If GGI’s plans come to fruition, its purifier will cost Rs200 less than Tata Chemicals’ Swach Smart Magic, also without a bottom container, which is not pushed through the regular sales channels and is provided on specific queries to non-governmental organisations (NGOs). “We analysed consumer habits and there is a preference towards a complete purifier with upper and lower containers,” said Sabaleel Nandy, head, water purifier business, Tata Chemicals.

Shroff echoed Nandy’s views. “Almost all purifiers in the organised segment come with a container for the purified water because there is no point to a purifier if there is no safe exit point.”
Shroff pegged the current number of purifier makers at 120-150 and size of the market at about ¤1,500 crore.

Tata Chemicals’ cheapest purifier (with a storage container), Swach Smart, is available for Rs899, Hindustan Unilever’s (HUL) Pureit Compact at Rs1,000 and Eureka’s AquaSure Xtra for Rs1,250.

Shroff said there are several things that need to be looked at in a low-cost purifier. “What level of impurities it removes, whether there is a chemical process of treatment and what standards and norms it conform to.”
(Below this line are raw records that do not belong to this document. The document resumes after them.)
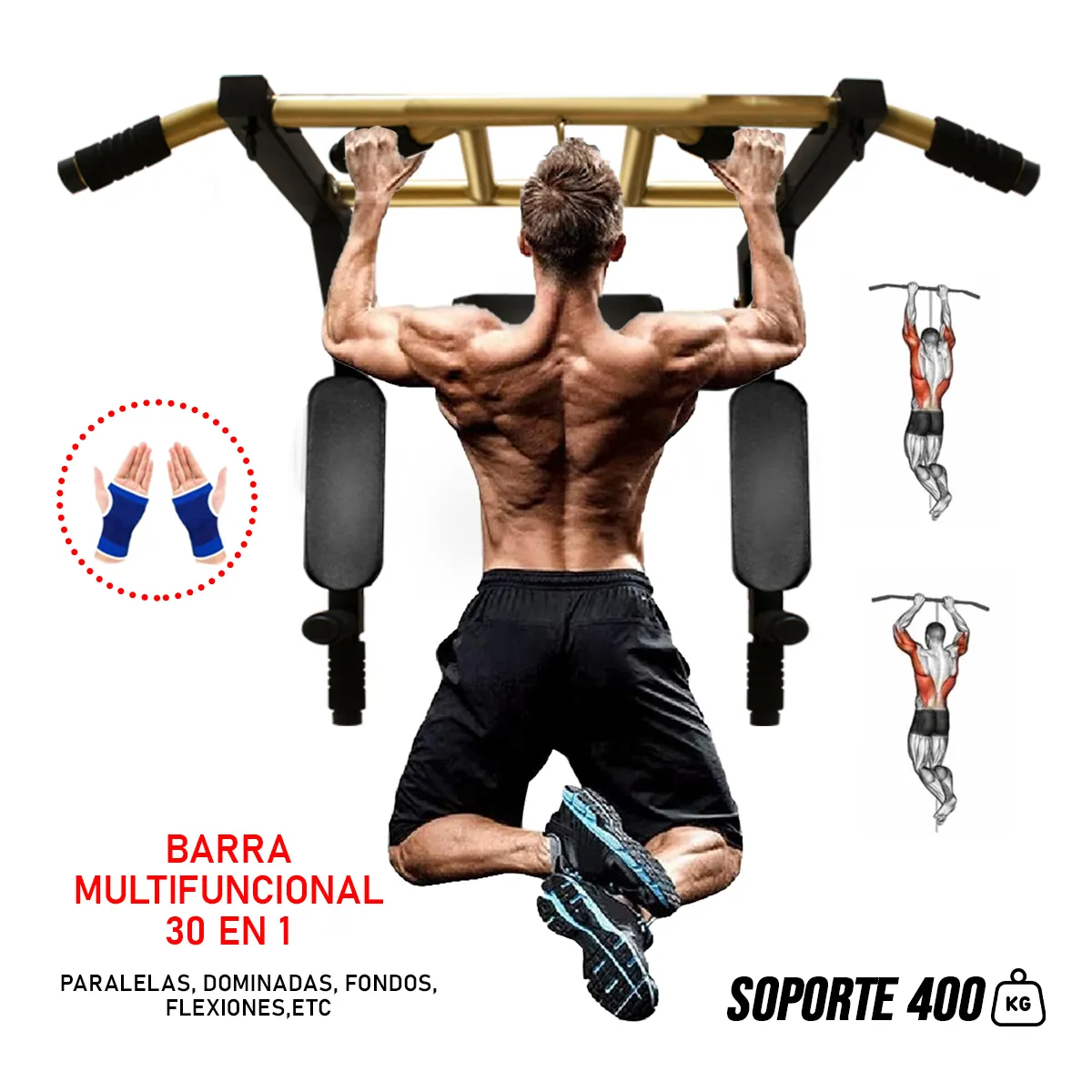 HOLGU - Barra Multifuncional 30 en 1 + guantes Sistema Multigrip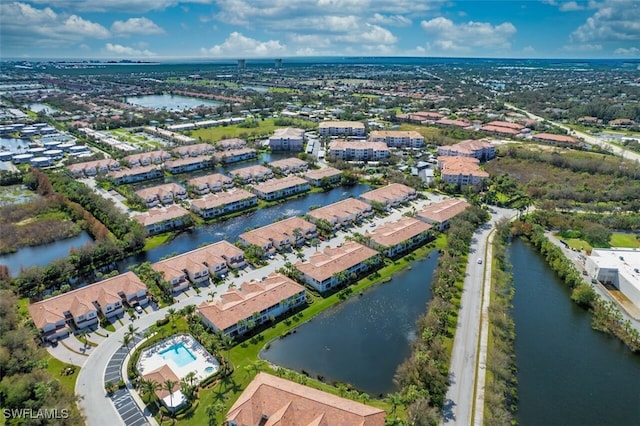 drone / aerial view featuring a water view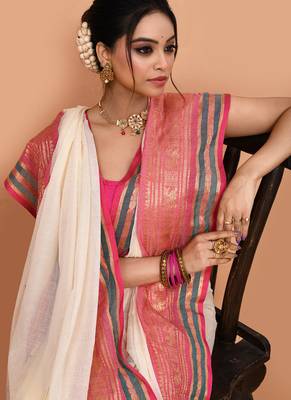 off white cotton blend handloom saree with running blouse piece  4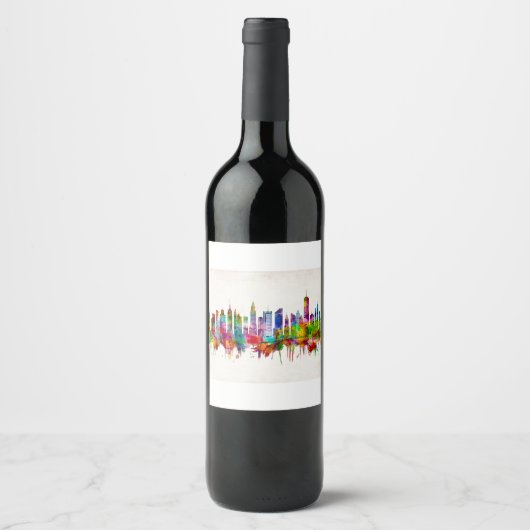 Étiquette Pour Bouteilles De Vin Skyline de New York (Devant)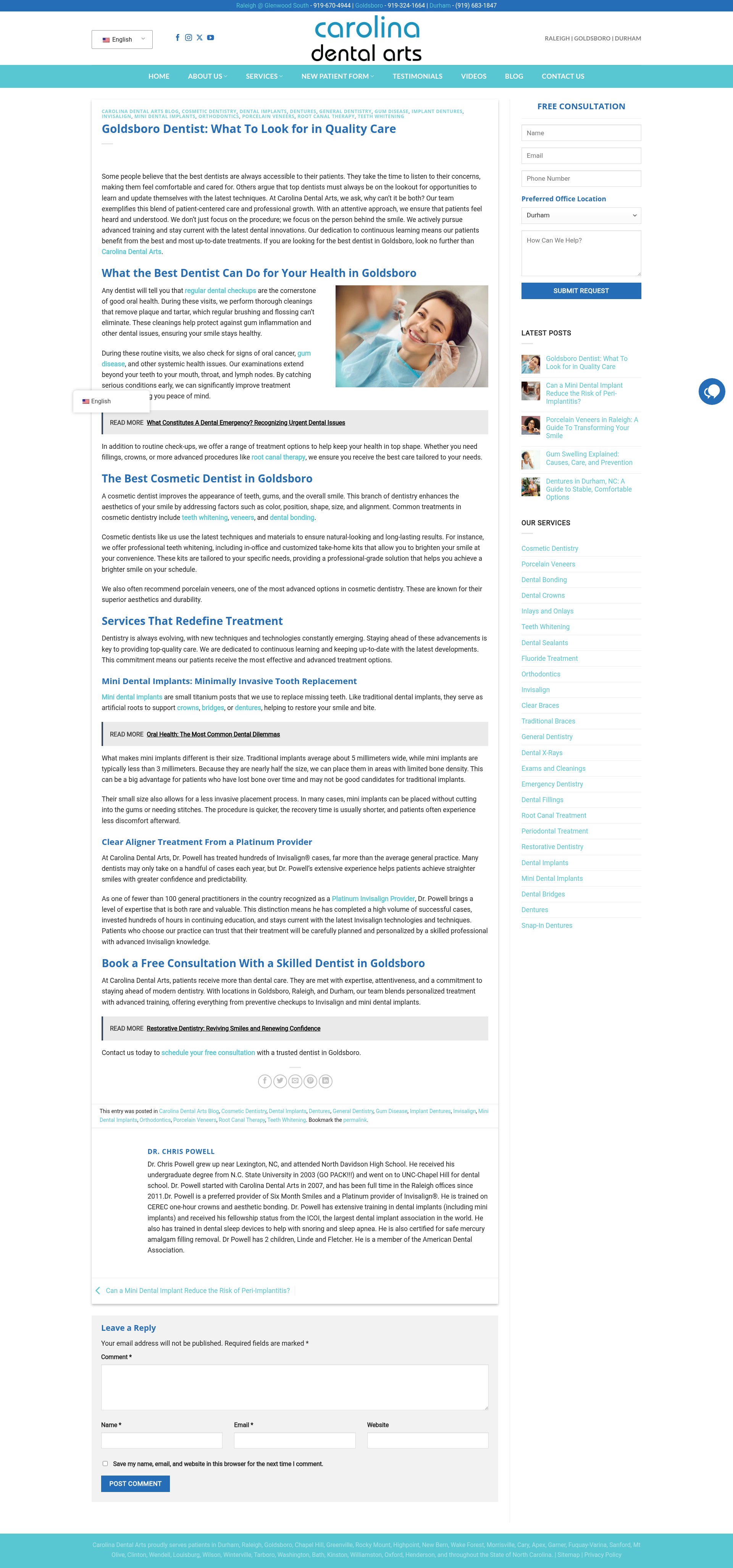 Screenshot of www.carolinadentalarts.com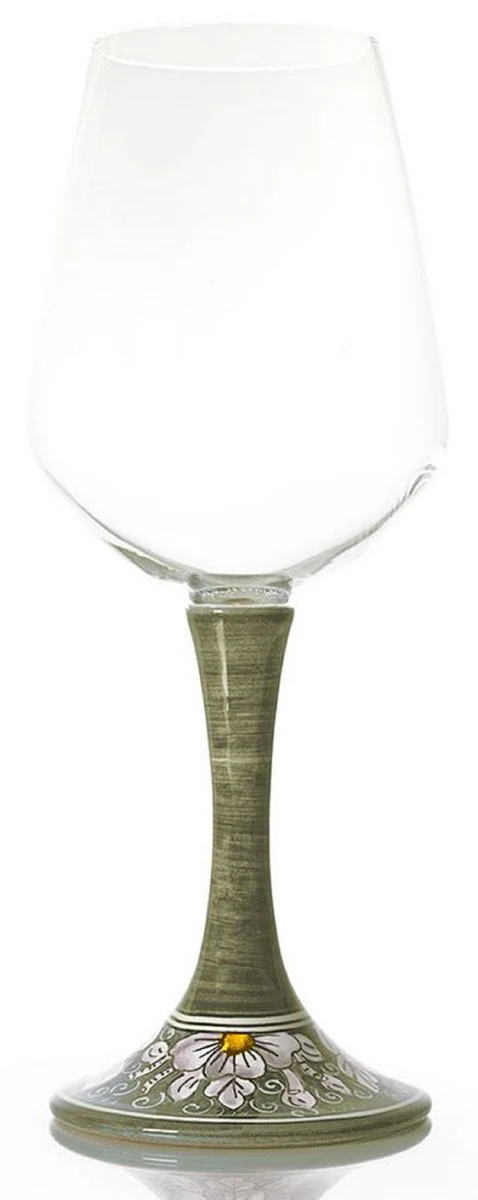 Luxury wine glass set of 6 olive green / multicolored H. 23.5 cm - Handmade & hand-painted wine glasses - Hotel & Restaurant Accessories - Luxury quality - Made in Italy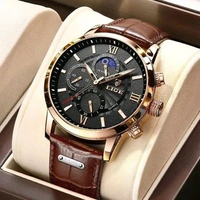 LIGE ORIGINAL Jam Tangan Pria Tali Kulit Olahraga Kronograf dengan Desain Elegan dan Fungsi Tahan La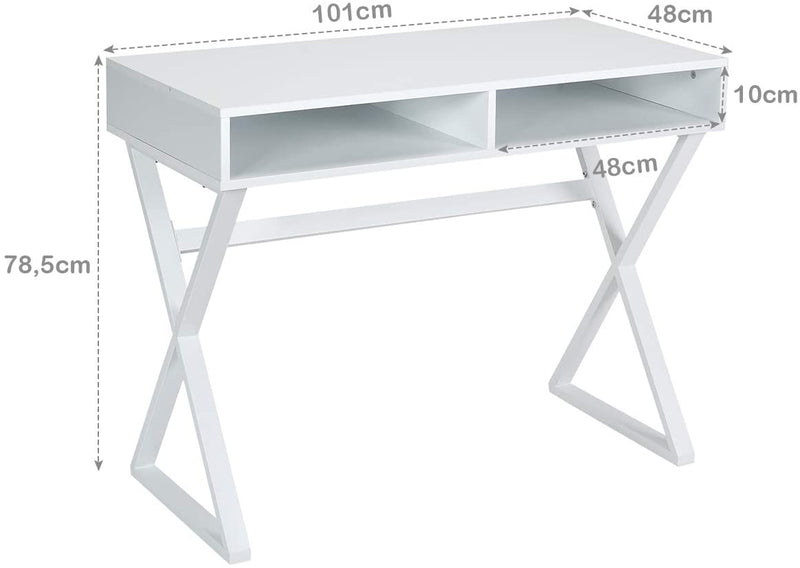 Moderne Schrijfbureau, Multifunctionele Tafel met 2 Laden, MDF Bureaublad en ijzeren tafelpoten, Computer Bureau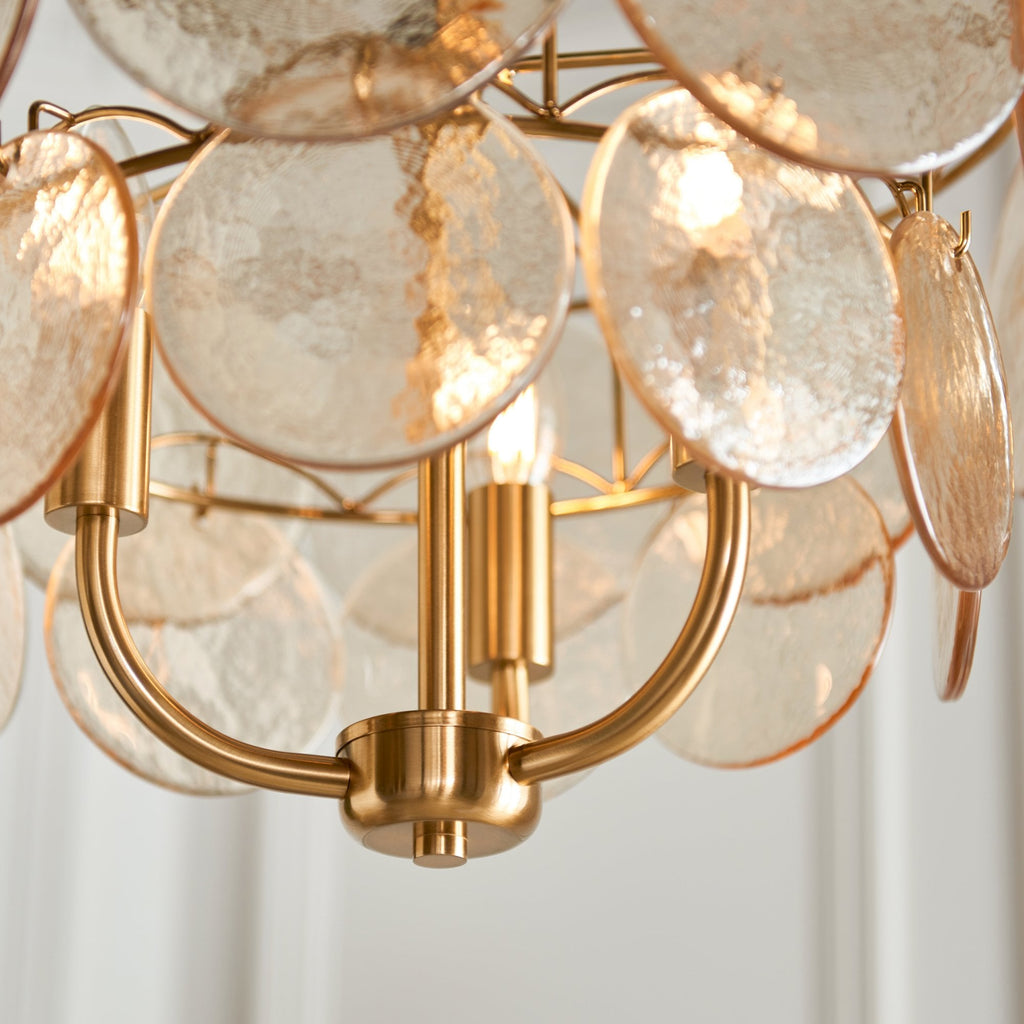 118602 3 Light Pendant Brushed Aged Brass Plate & Handmade Champagne Glass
He added that Eureka is working on bringing out cheaper purifiers than the ones in its portfolio, but for the hinterland, instead of introducing ‘cheap and often sub-standard’ products, Eureka installs rural water plants, where people can have their water purified for 12 paise a litre.

A HUL spokesperson said the company is currently doing pilots with regard to distribution of Pureit in rural markets both through Project Shakti, its rural distribution channel, and through some external agencies. “These pilots are in preliminary stages and hence we are not in a position to share specific plans at this stage,” he added.